もう2〜3℃気温が上がって37〜38℃以上の酷暑が続けば、
多分(ブドウを)仕上げることはできなかっただろうと思います。
葉の状態をみても、それほどに今年の暑さは
ブドウができるかどうかぎりぎりの限界線上にあったと実感しています。
農作物は、天候が順調に生育する範囲内でないと どんな技術力があっても無理です。
人間の力などは、自然の猛威のなかでは、無いに等しいー
このことが職人としての私のプライドを著しく傷つけ続けます。
近年、年ごとに予想もしない、経験したこともない天候に
見舞われることが急加速してきています。
ブドウの生産ができなくなるかも知れない天候異変への不安が、年々増大してきています。
落葉果樹の生育は、最低気温の推移が鍵を握っています。
生育のその時季折々に必要な最低温度を確保できないと
品質の低下を招いたり、最悪ならできなくなったりします。
温暖化ばかりが強調されていますが、寒暖の差の大きさが
近年の天候のもう一つの大きな特徴です。
安定生産と品質向上を目指すなら、加温設備を伴う施設栽培でないと
もはや無理ではないかと思います。
問題は生産コストが上昇して、この不況下を乗り切れるかどうかということです。
一昨年秋からの際立った不況は、消費の低迷を一気に加速させ
高単価の物が極端に売れなくなってきています。
売れないと市場価格は下がり続けます。販売価格が生産コストを下回り続けると
経営を維持できなくなるのは必至です。
不況のしわ寄せは中小零細企業とか農業などの第一次産業の弱いところに集中してきます。
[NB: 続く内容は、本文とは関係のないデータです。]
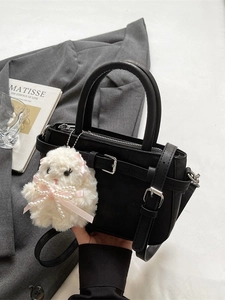 Elegante borsa tote in pelle PU nera con ciondolo a coniglio in peluche su sfondo minimalista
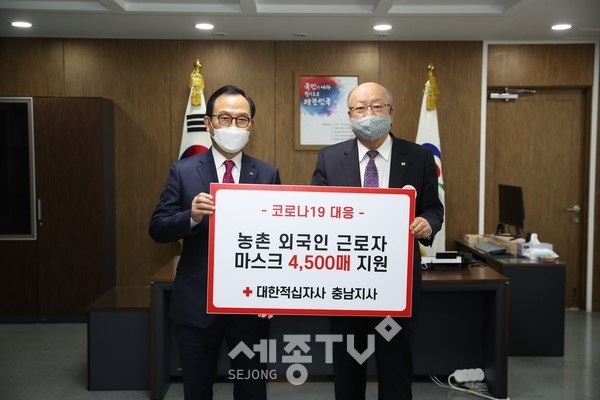 지난 20일 대한적십자사 충남지사가 농업분야 외국인 근로자를 위한 마스크 4500매를 천안시에 기증해 박상돈 시장(왼쪽)과 유창기 회장(오른쪽)이 기념사진을 촬영하고 있다. (사진제공=천안시청)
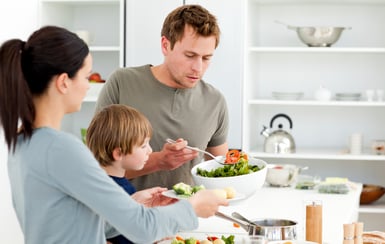 Dad serving salad to his family for lunch in the kitchen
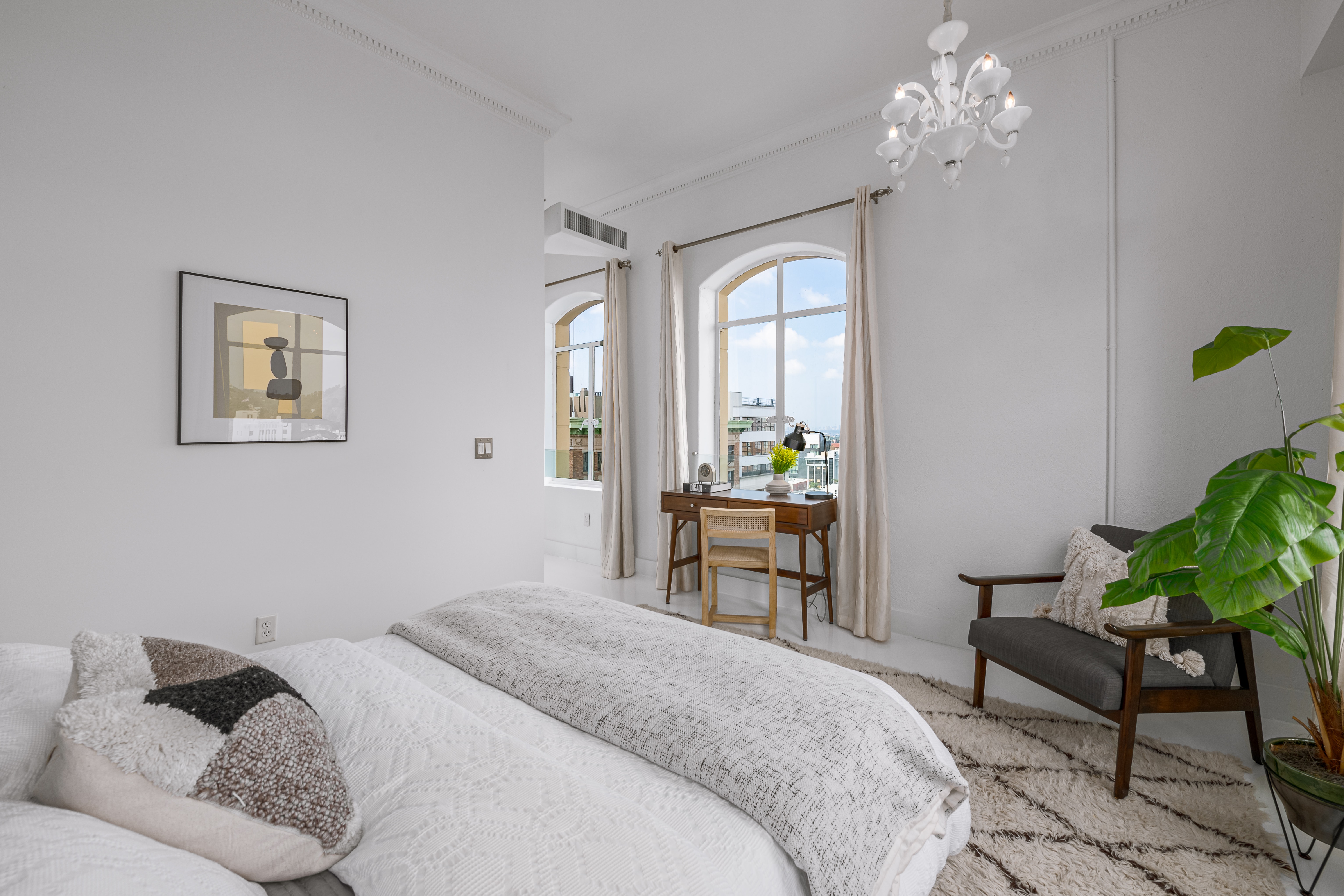 Dramatic white walls and arched windows in this spacious primary suite. Incredible views.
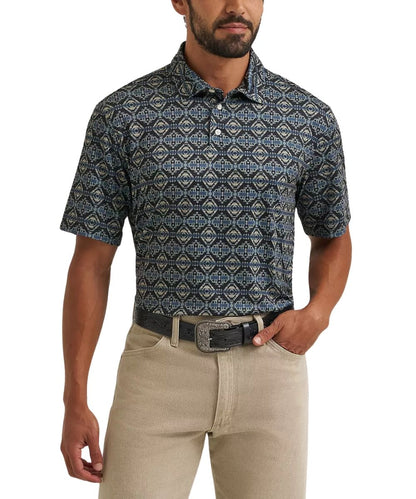 A man wearing a short-sleeve button-up polo shirt with a blue, gray, and beige geometric pattern, paired with khaki pants and a black belt, against a plain white background.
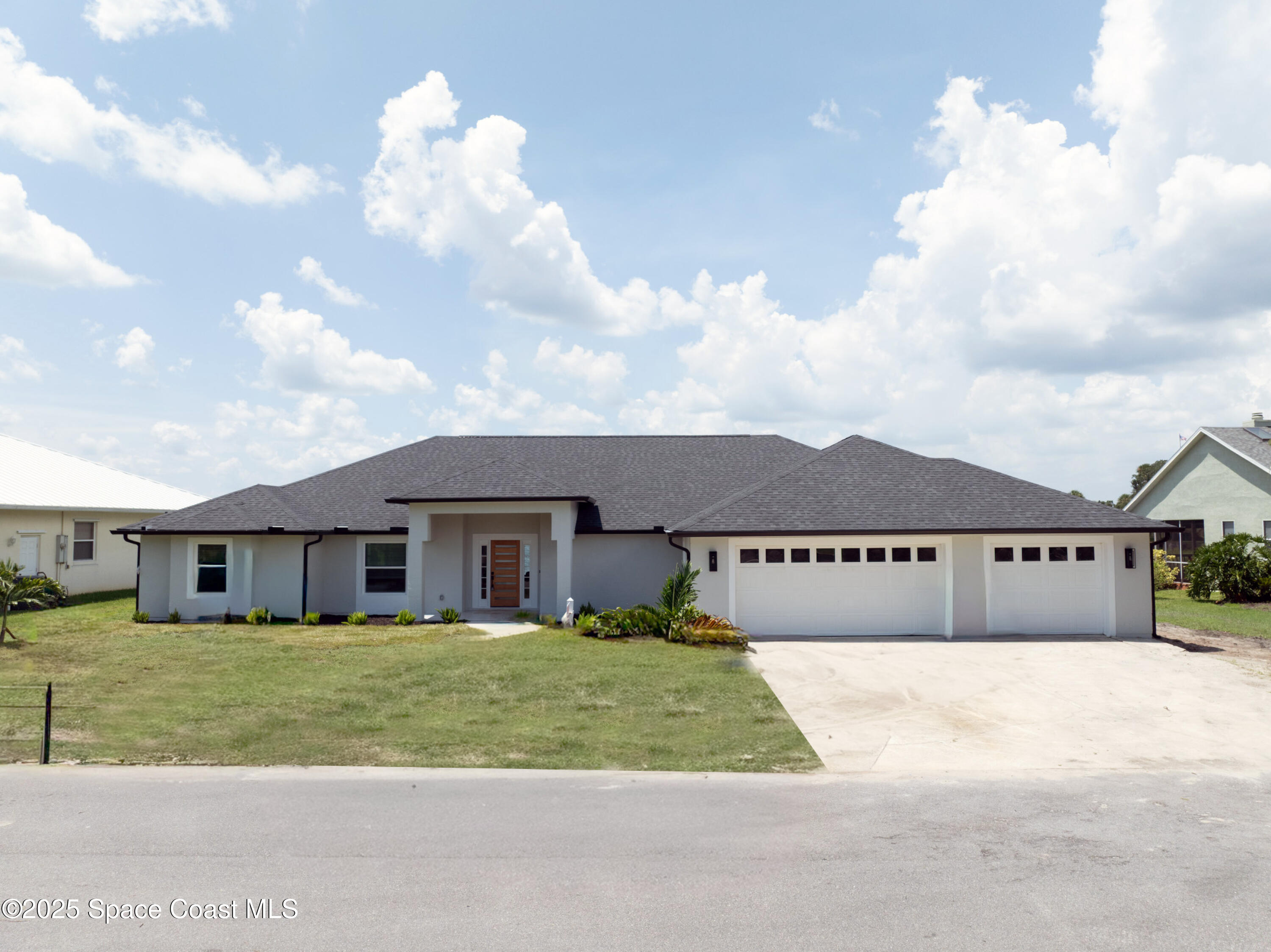855 Cliftons Cove Court Cocoa, FL 32926 - Photo 13 of 72 a view of house with outdoor space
農機、農業資材・燃料等の高値は市場価格からすると暴力的です。
生産コストを下げようとすると、原始農業にでも帰らない限り無理、
そこが大きな壁となってきます。
米価も予想通り、所得補償政策が引き金となって、過激に下がっています。
米作に必要な農機だけをみても、米価からすると天文学的な値段で、
もはや米作経営は不可能という所まで来ていると思います。
総じて、日本の農業は経営難に陥っています。
天候不順、販売不安、TPP等自由化への不安、獣害等々まさに四面楚歌の末期的状況です。